Although the preferred embodiment is described as a 2dimensional VQ codebook it is within the contemplation of the invention that the VQ codebook can have a much larger number of dimensions, a larger number of segment boundaries, each containing a finite number of fixed vectors. It is also within the contemplation of the invention that other table arrangements can be used to organise the searching fixed vectors of VQ sub-codebook within the orignal VQ codebook.

FIG. 6 shows a flow chart for dividing an element list (original VQ codebook) into at least two sub-lists (VQ sub-codebooks) by determining a centroid of the element list; dividing the element list into at least two sublists and estimating centroids for each sub-list. The elements from the element list are then clustered into the sub-lists and determining the elements which are to be represented in at least two sub-lists.

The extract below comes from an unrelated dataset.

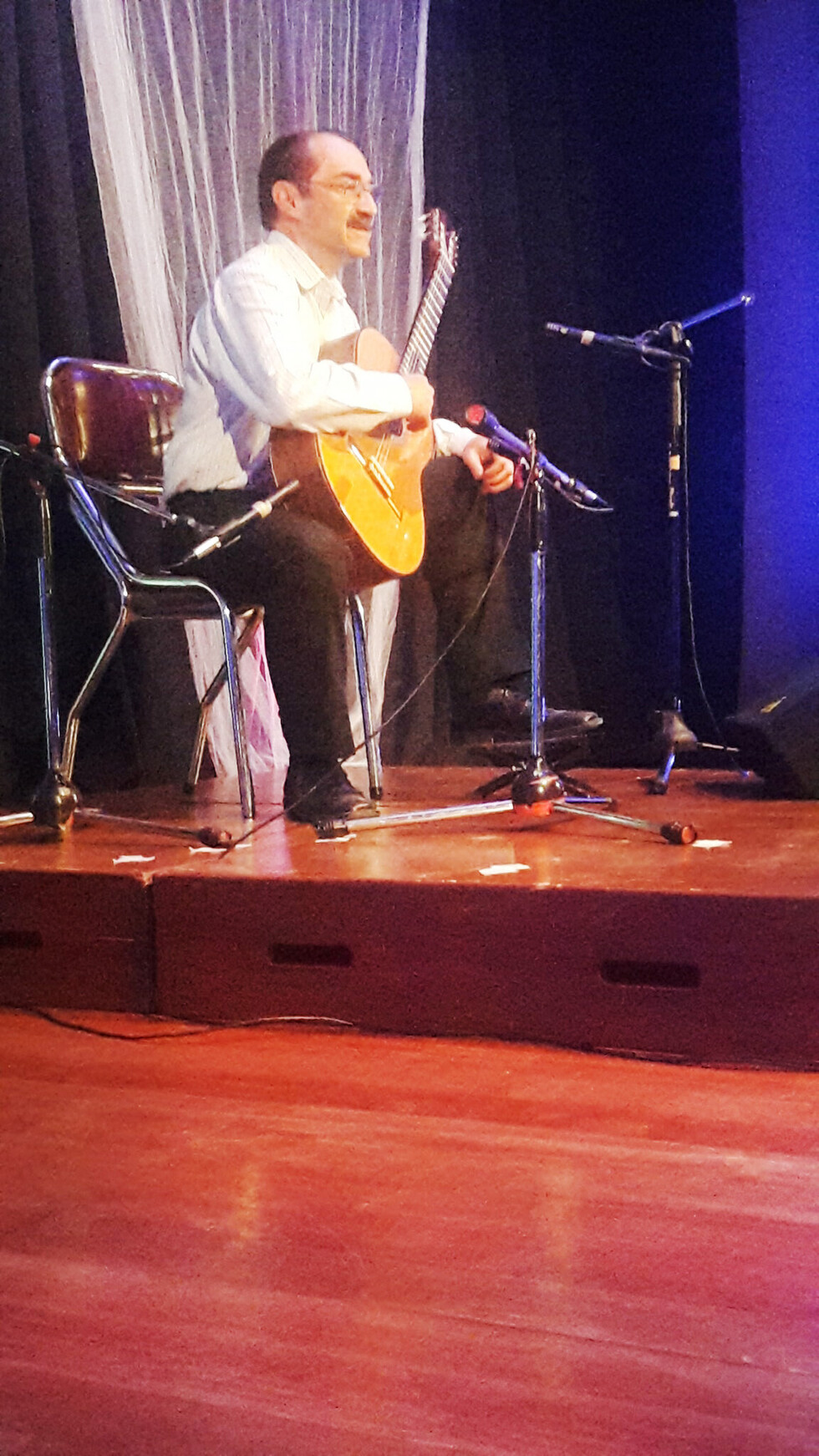 Hoy culmina con conciertos el Guitarijeando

The process for dividing the original VQ codebook begins, in step 100, with the centroid of the original VQ codebook CO being computed, as shown in step 102. A number (N) of small perturbation vectors P(k) are then added to the original VQ codebook CO to form 'N' sub-centroids C(k) where C(k) = CO + P(k), as in step 104.For each fixed vector in the original VQ codebook, the distance D(k) to each sub-centroid C(k) is calculated and the fixed vector is assigned to the VQ sub-codebook with minimum distance (MIN[D(k)]), as shown in step 106. The number of fixed vectors E(k) within each VQ sub-codebook are then computed, as in step 108. The number of fixed vectors E(k) in each VQ sub-codebook are then compared and if they are not approximately equal, in step 110, the sub-centroids C(k) are re-computed using the VQ sub-codebook fixed vectors, as in step 112. The 'N' small perturbation vectors P(k) are then modified to equalise E(k), as in step 114, and the process to obtain equal numbers of fixed vectors in each VQ sub-codebook continues, as shown in step 106.If the number of fixed vectors E(k) in each VQ sub-codebook are approximately equal, as in step 110, the sub-centroids C(k) are re-computed using the VQ sub-codebook fixed vectors, as in step 116 and the initial VQ sub-codebooks are designed, as shown in step 118. The process of dividing the original VQ codebook into a number of VQ sub-codebooks with approximately equal numbers of fixed vectors (elements) is therefore completed, as shown in step 120.

FIG. 7 is a flow chart detailing a method of duplicating certain elements from the original VQ codebook into more than one VQ subcodebook to provide an optimum reference signal, in accordance with a preferred embodiment of the invention. The "duplication" flow chart of FIG.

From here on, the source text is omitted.